● **Collected material**:

↓↓↓

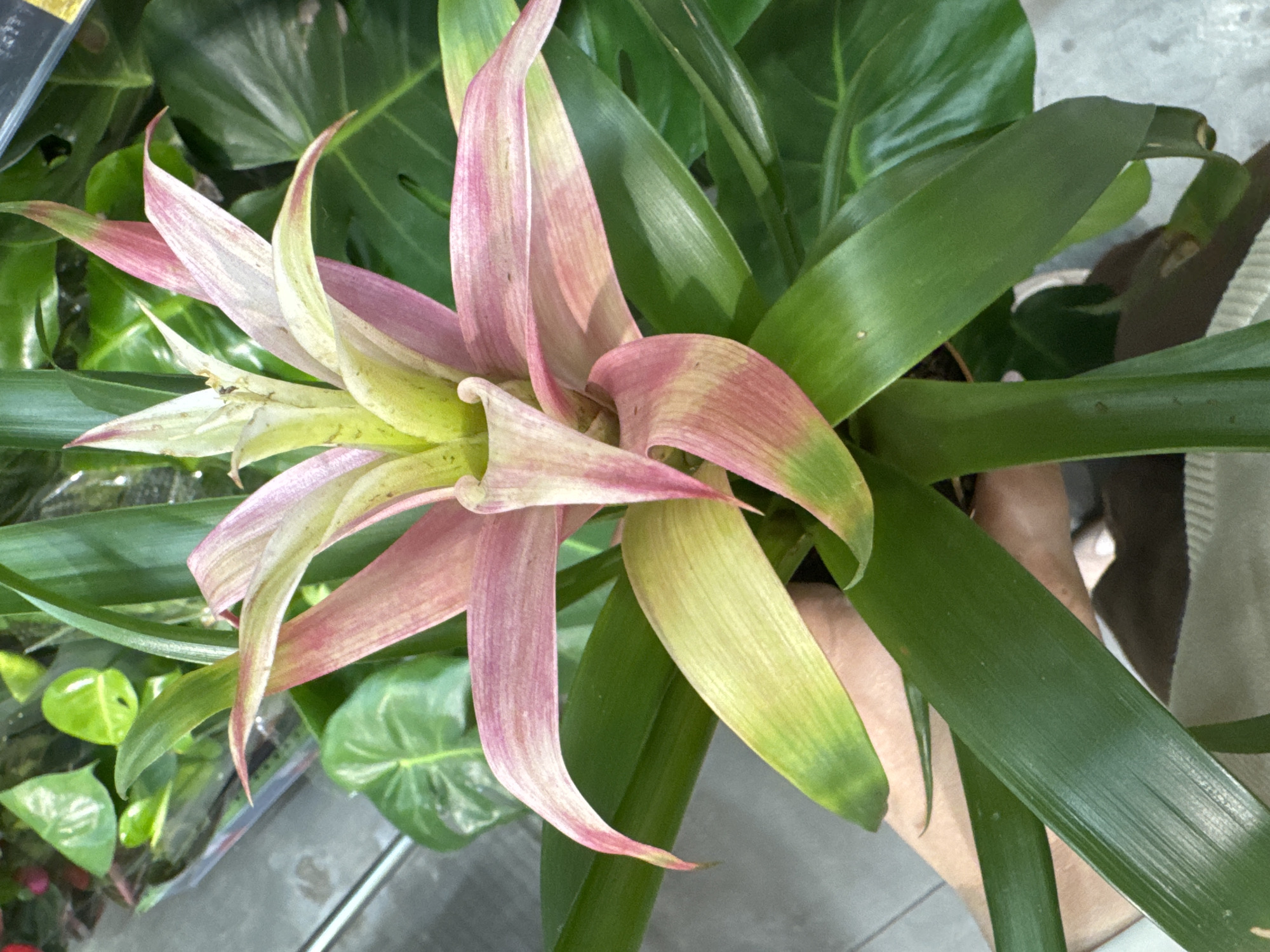 A close-up, eye-level, full shot shows a bromeliad plant with pink and green leaves and a pale green and pink center, held by a person's hand. The plant is indoors, with other green plants and a blurred background that suggests a retail environment. The lighting is bright and even. There is no information available about the location in Rozhdestvenskaya, Russia.
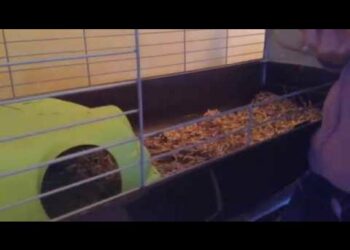 Qu'est-ce que ça veut dire quand un cochon d'Inde tremble ?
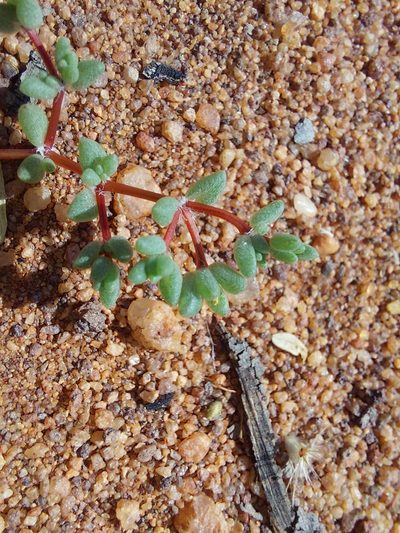 Portulaca hereroensis, photographed by Manuel R Popp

↑↑↑

● **Exercise objective**: Repeat the data verbatim, excluding all pictures.

● **Your solution**:
 A close-up, eye-level, full shot shows a bromeliad plant with pink and green leaves and a pale green and pink center, held by a person's hand. The plant is indoors, with other green plants and a blurred background that suggests a retail environment. The lighting is bright and even. There is no information available about the location in Rozhdestvenskaya, Russia.
 Qu'est-ce que ça veut dire quand un cochon d'Inde tremble ?
 Portulaca hereroensis, photographed by Manuel R Popp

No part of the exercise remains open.